James Shepard Thornton (25 February 1826 – 14 May 1875) was an officer in the United States Navy during the American Civil War.

==Biography==
Born at Merrimack, New Hampshire, Thornton was appointed midshipman on 15 January 1841 and served in the sloop-of-war John Adams during the Mexican–American War. The outbreak of the Civil War found him serving on the Atlantic coast in brig Bainbridge. He later became executive officer in David Farragut's flagship and was serving in her when she and other ships of the West Gulf Blockading Squadron dashed past Forts St. Philip and Jackson on 24 April 1862 to capture New Orleans, Louisiana. He continued to serve in Hartford, with great credit, during the engagement with the Confederate ram Arkansas, during duels with the Vicksburg batteries, and in other operations on the Mississippi River.

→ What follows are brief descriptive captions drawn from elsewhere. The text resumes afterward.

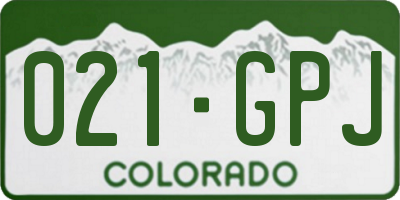 CO license plate 021GPJ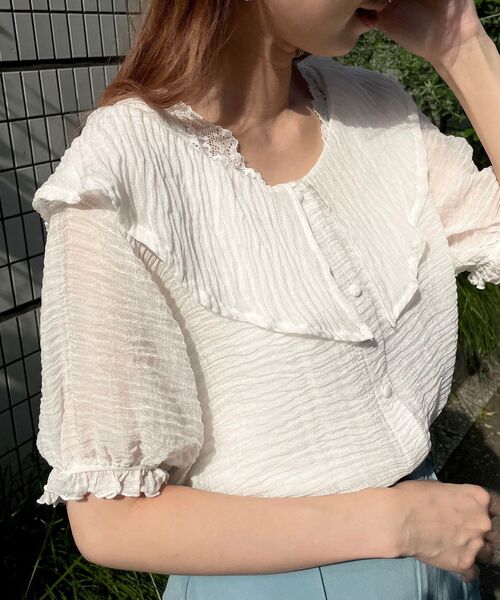 MAJESTIC LEGON（マジェスティックレゴン）の「レディbig襟ブラウス（シャツ/ブラウス・レディース・ライトグリーン/オフホワイト/イエロー/ブラック・SMALL/MEDIUM）」の18枚目の写真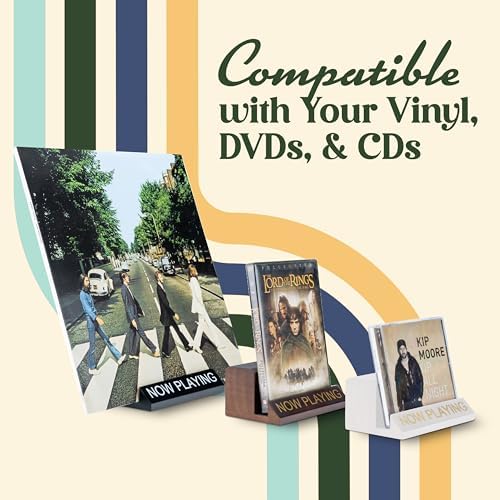 Angled view of a sturdy triple LP compatible vinyl record holder
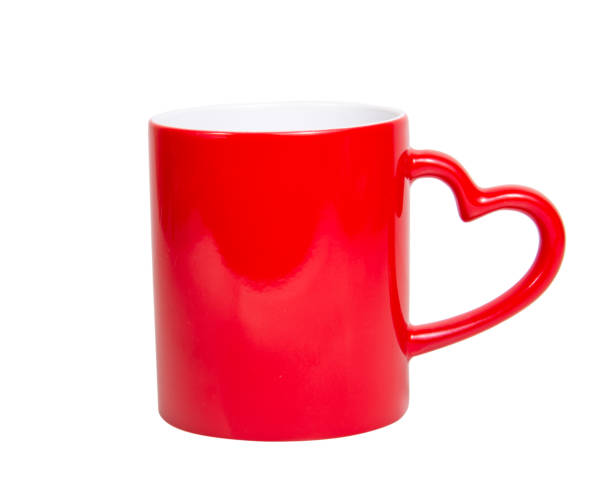 istock Red one cup ceramic isolated on the white background 1342252074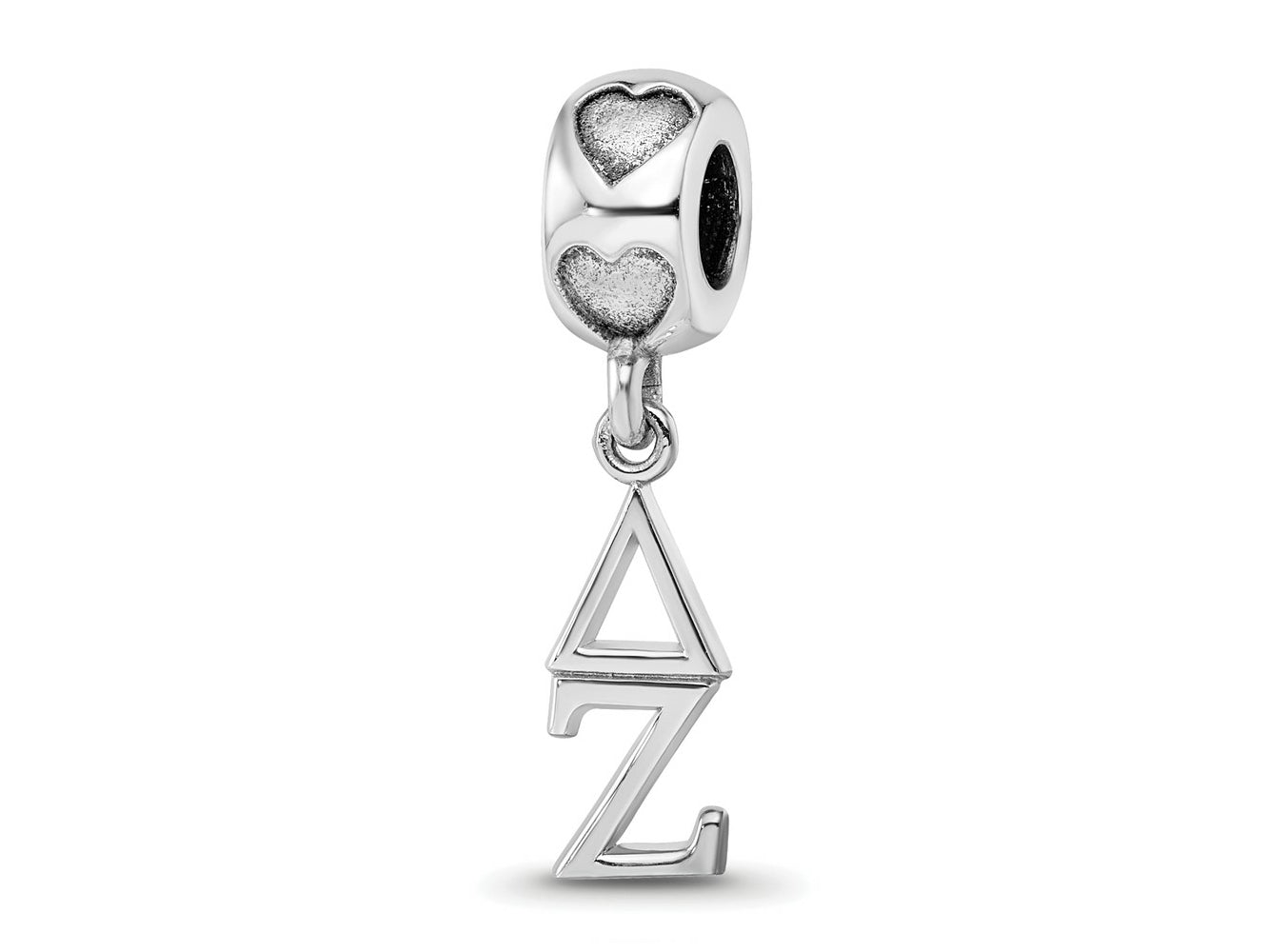 LogoArt 925 Sterling Silver Rhodium Plated Delta Zeta Vertical Letters on Heart Bead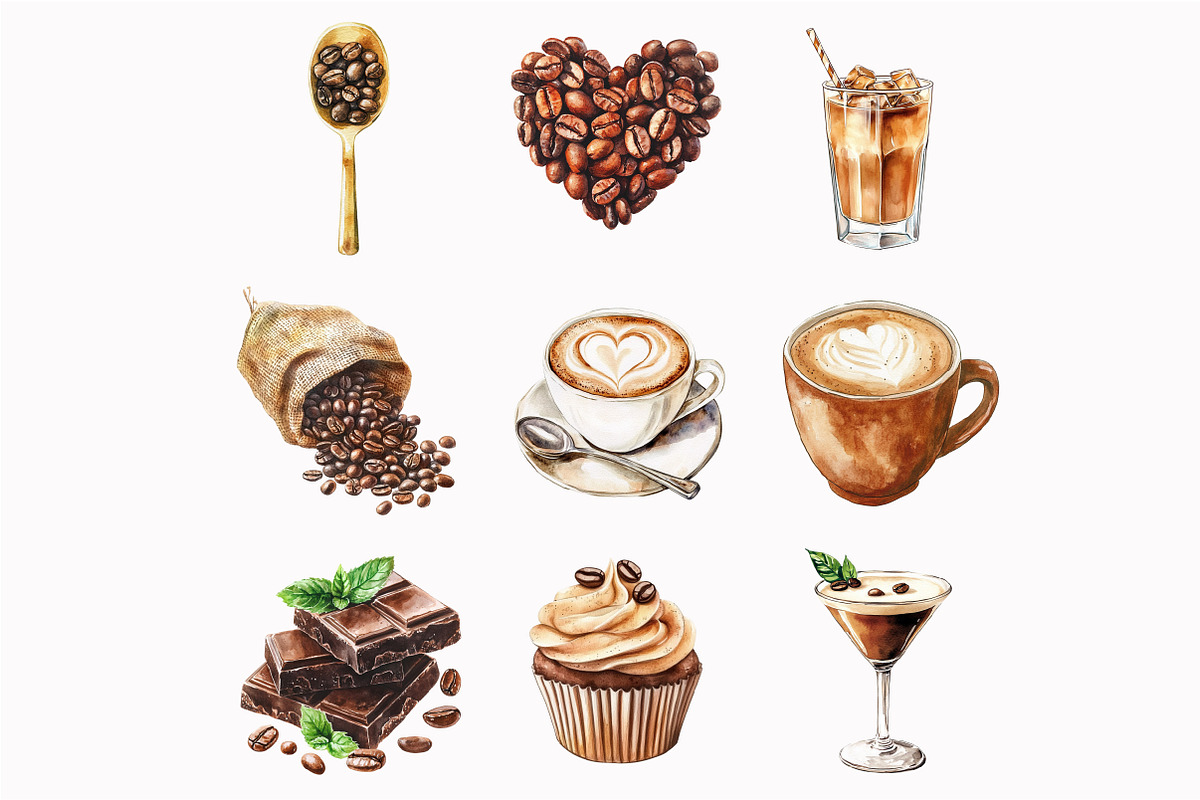 Watercolor Coffee Lover Clipart, an Illustration by Design Market (Photo 4 of 4)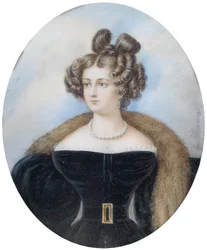 Portrait of a Lady in a Black Dress and Fur Stole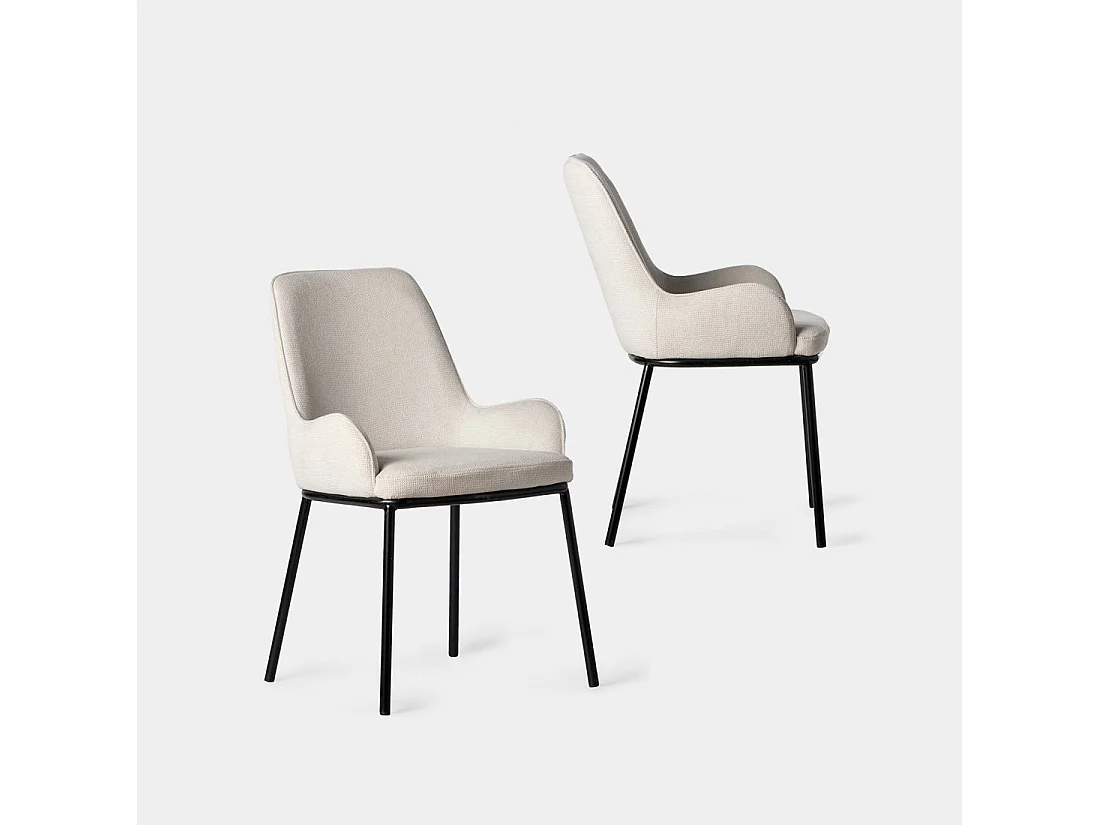 Chaise de salle à manger en tissu beige 55x84 cm-Dama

In August 1862, he assumed command of gunboat Winona which was stationed with the Union blockading force off Mobile Bay, Alabama. On 13 September, the gunboat shelled and destroyed a Confederate steamer lying under the protection of the guns of Fort Gaines. He subsequently became executive officer of and received a vote of thanks from Congress for gallantry during the successful engagement with the Confederate raider Alabama off Cherbourg, France, on 20 June 1864.

After the Civil War, he commanded Kearsarge on the South Pacific Station. Thornton was commissioned captain on 24 May 1872.

He was a companion of the Pennsylvania Commandery of the Military Order of the Loyal Legion of the United States and was assigned insignia number 590.

Captain Thornton died at Germantown, Pennsylvania, almost three years later on 14 May 1875.

==Namesakes==
Two ships have been named USS Thornton for him.